● Your objective: Take the entries below and write them out exactly, with each picture removed.

BEGIN

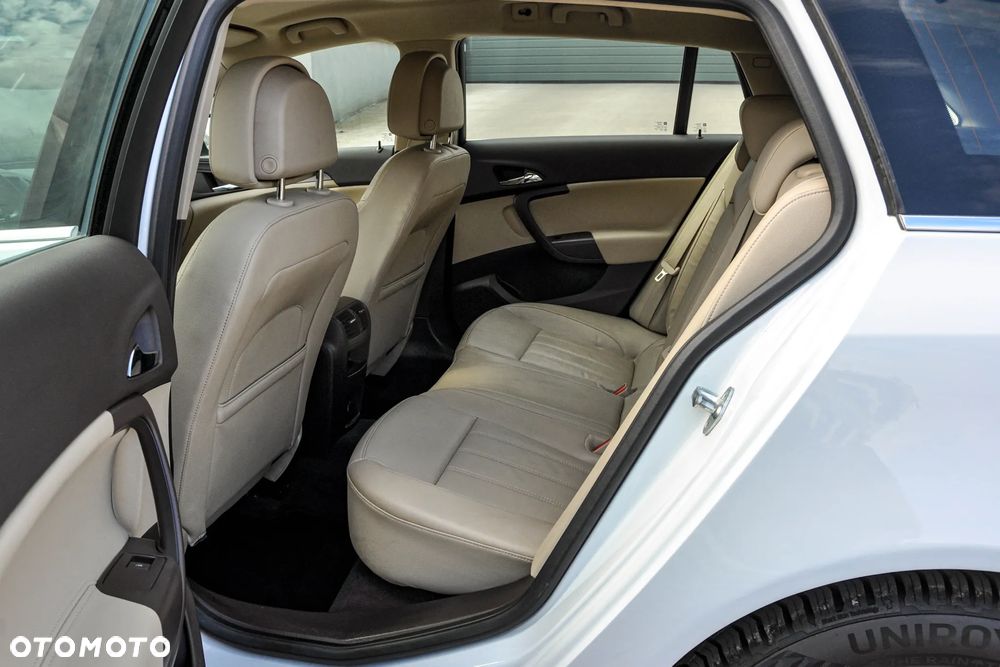 Opel Insignia - 8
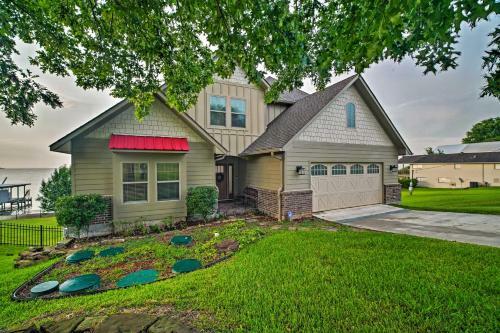 Luxury Lakefront Coldspring Home With Boathouse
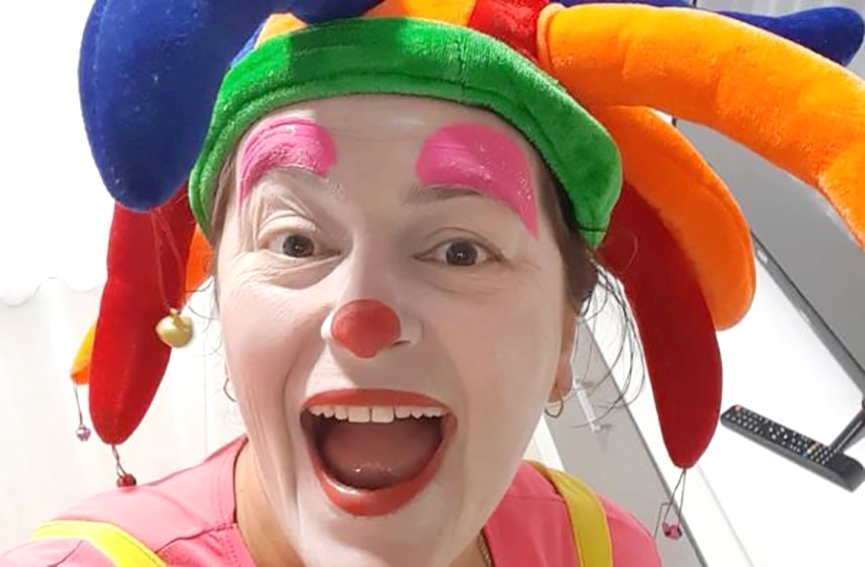 Leleca: a artista que diverte por onde passa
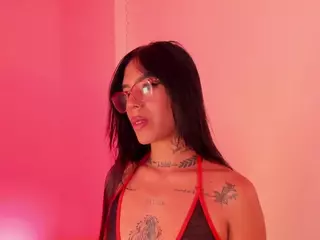 SofiaValente's Live Sex Cam Show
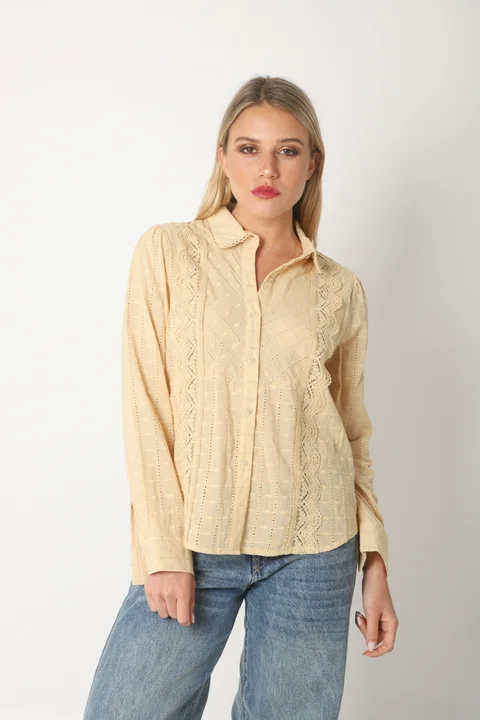 Camisa BEZZ Bordada Con Guipiur GUK70195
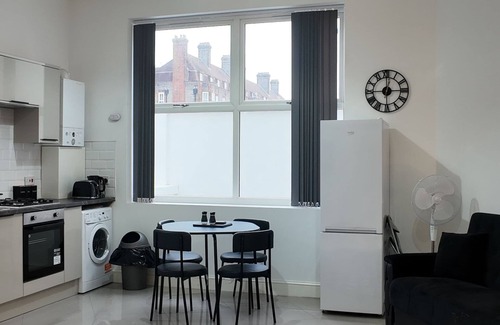 Haverstock Appartement | Spacious 2 Bed Apart with Patio in Camden WR201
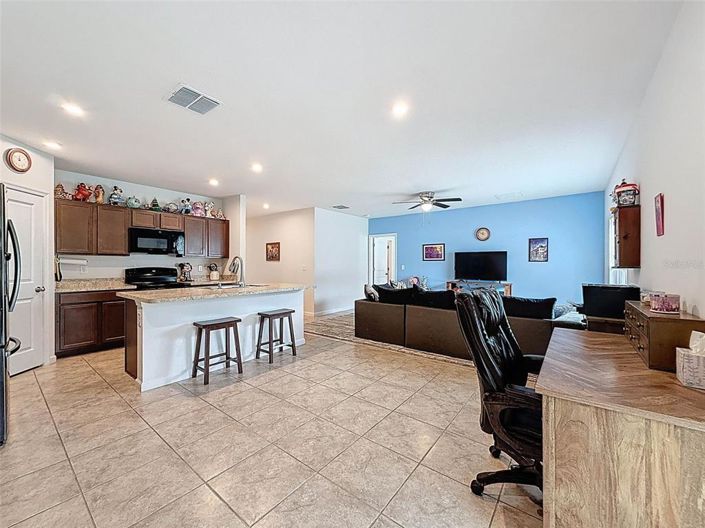 Image No.12-4 Bed Property for sale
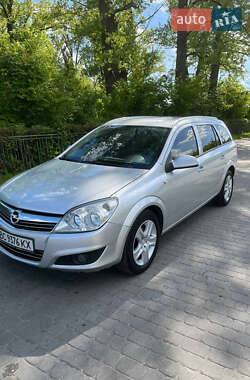 Универсал Opel Astra 2010 в Городке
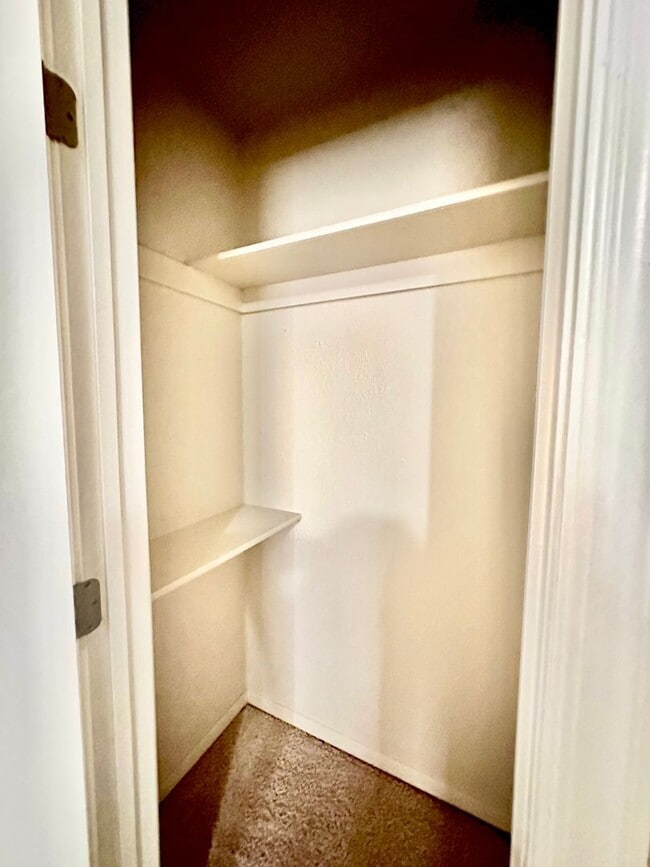 Building Photo - Cute 2-Bed Home with Hardwood Floors and G...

END

● Response area:
 Opel Insignia - 8
 Luxury Lakefront Coldspring Home With Boathouse
 Leleca: a artista que diverte por onde passa
 SofiaValente's Live Sex Cam Show
 Camisa BEZZ Bordada Con Guipiur GUK70195
 Haverstock Appartement | Spacious 2 Bed Apart with Patio in Camden WR201
 Image No.12-4 Bed Property for sale
 Универсал Opel Astra 2010 в Городке
 Building Photo - Cute 2-Bed Home with Hardwood Floors and G...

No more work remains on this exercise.